Jezebel has obtained digital copies of some of the new “conservative” Texas textbooks (the books are available to education professionals but not the general public), and while they certainly aren’t the abomination some activists and educators feared, their contents demonstrate a troubling creep away from teaching actual history—and the unpleasant truth of America’s legacy of racism—and toward a sanitized fable of historical white morality.

Initially, some news outlets reported the textbooks omitted Jim Crow laws and the KKK altogether, but, as Texas Monthly pointed out in its September issue, that wasn’t exactly the case.

Happily, though, publishers mostly ignored the board, according to Dan Quinn, of the Texas Freedom Network, an organization dedicated to countering what it sees as far-right activism. “I think publishers did a good job of making sure of the centrality of slavery,” he says. Quinn, who perhaps more than anyone has sounded the alarm about the board’s bias, was distressed to read national reports asserting incorrectly that Texas children wouldn’t be reading about the KKK and Jim Crow. “The textbooks cover all of that,” he says. Houghton Mifflin Harcourt’s eighth-grade U.S. history textbook, for instance, includes a section on KKK terror and the postwar black codes that created “working conditions similar to those under slavery.”

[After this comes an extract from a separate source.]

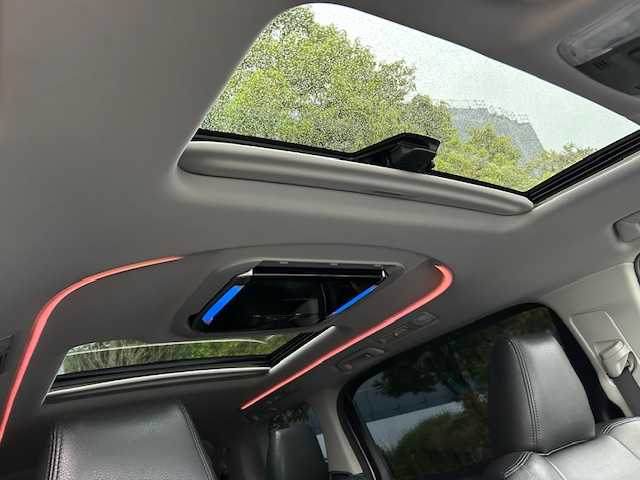 トヨタ ヴェルファイア Z Aエディション 宮城県 2016(平28)年 4.9万km ホワイトパールクリスタルシャイン サンルーフ/純正ナビ/バックカメラ/後席モニター/オットマン/MTモード付きAT/ブレーキホールド/カーアロマ/LEDヘッドライト/フォグランプ/オートライト/純正ETC/純正フロアマット/純正アルミホイール/Bluetooth、CD、DVD/横滑り防止装置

The magazine reassured its readers that the “travesty” of “partisan fiction” had been avoided and that the textbooks, though flawed, were far from an affront to the study of history. But, after examining copies of the 7th grade, 8th grade, and high school-level books obtained by Jezebel, it was clear that this curriculum is riddled with omissions, making frequent use of convenient, deceptive juxtapositions of slaveholder violence and the slave resilience. Sure, Texas’s new textbooks aren’t an outright travesty. But that doesn’t mean they’re anywhere close to good.

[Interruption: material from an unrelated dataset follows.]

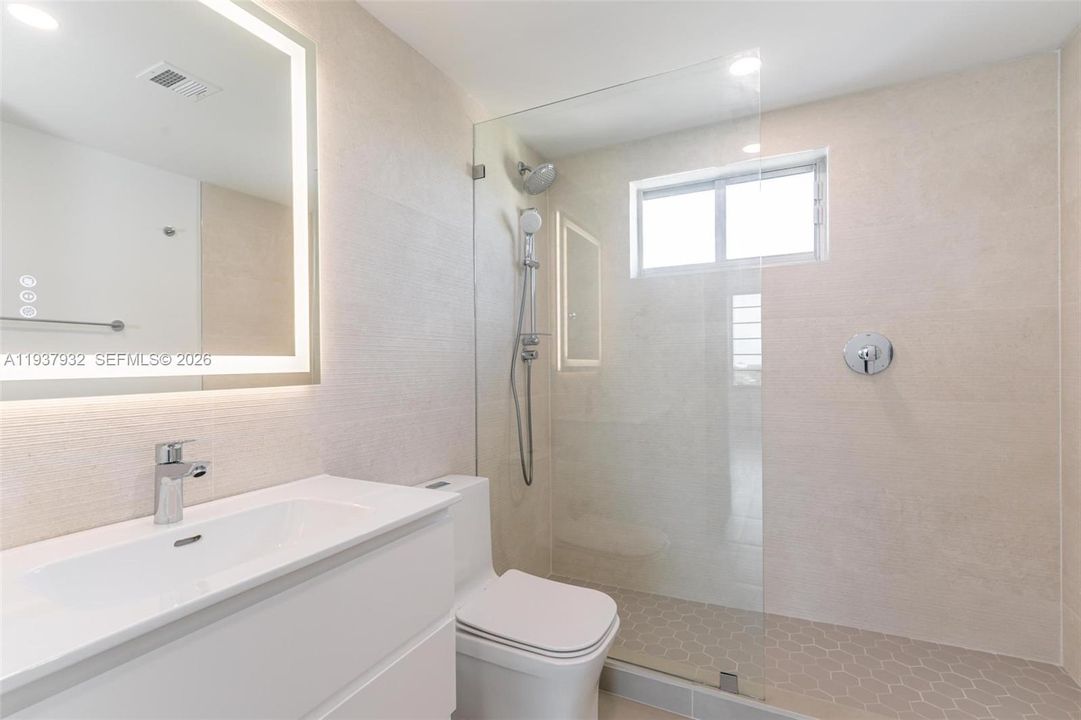 For Rent: $3,800 (2 beds, 2 baths, 1118 Square Feet)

Slavery is mentioned only briefly in HMH’s 7th grade textbook. It’s not until 8th grade that the subject is expanded upon in a tone that suggests a general unwillingness to clearly state just how horrific of an institution it was. Passages that reference violence often transition to characterizations of slaves as a hopeful, god-fearing bunch whose faith and sense of community when not working or being punished almost negated the nightmarish realities of their daily lives. And, though the violence of slaveholders is mentioned—often with quotes by former slaves—it’s generally followed by a reminder that their lives weren’t all bad. Slavery, the book suggests, was only truly miserable some of the time. For adults, this combination of half-truths and omissions makes for an unpleasant read. For children, it’s something worse: a disservice.

Just look at one of the first mentions of slavery in HMH’s Texas United States History. (All emphases in quotes our own, and the illustrations that textbook quotes appear on are ours, not found in the actual textbooks.)

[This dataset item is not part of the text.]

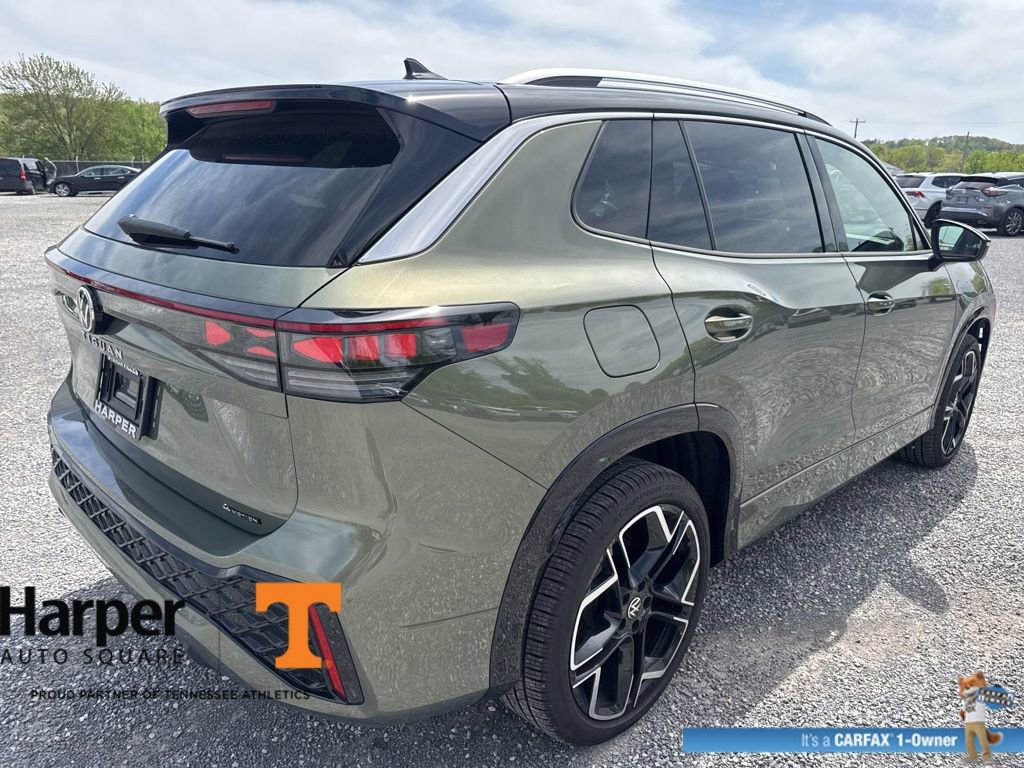 Used 2025 Volkswagen Tiguan SEL R-Line image 5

Chapter 3: The English Colonies, 1605-1774 | p. 77

The colonies had many small farms ​and some large plantations. Farms did well ​because the South enjoyed a warm climate ​and a long growing season. Many farms grew ​cash crops that were sold for profit. Tobacco, ​rice, and indigo—a plant used to make blue ​dye—were the most important cash crops. ​
The southern colonies’ cash crops ​required a great deal of difficult work to grow ​and harvest. This meant a large workforce ​was needed. By the 1700s enslaved Africans, rather than indentured servants, had ​become the main source of labor. African ​slaves brought with them knowledge that ​helped turn the wild environment into ​profitable farms. Many had previous expe​rience raising cattle and knew the method ​for clearing brush using fire. ​
Slavery was a viciously brutal condition for many inhabitants of the southern ​colonies.

Africans were brought to America to be slaves, sure, but their specific skill set helped change the landscape and and improve the economy!

Apart from being too little, too late, that final sentence acknowledging slavery’s brutality evinces the gotta-hear-both-sides structural dodge also found in the previous section, in which six paragraphs on the “horrible experience” of the Middle Passage and slavery are followed by four on its cultural upsides.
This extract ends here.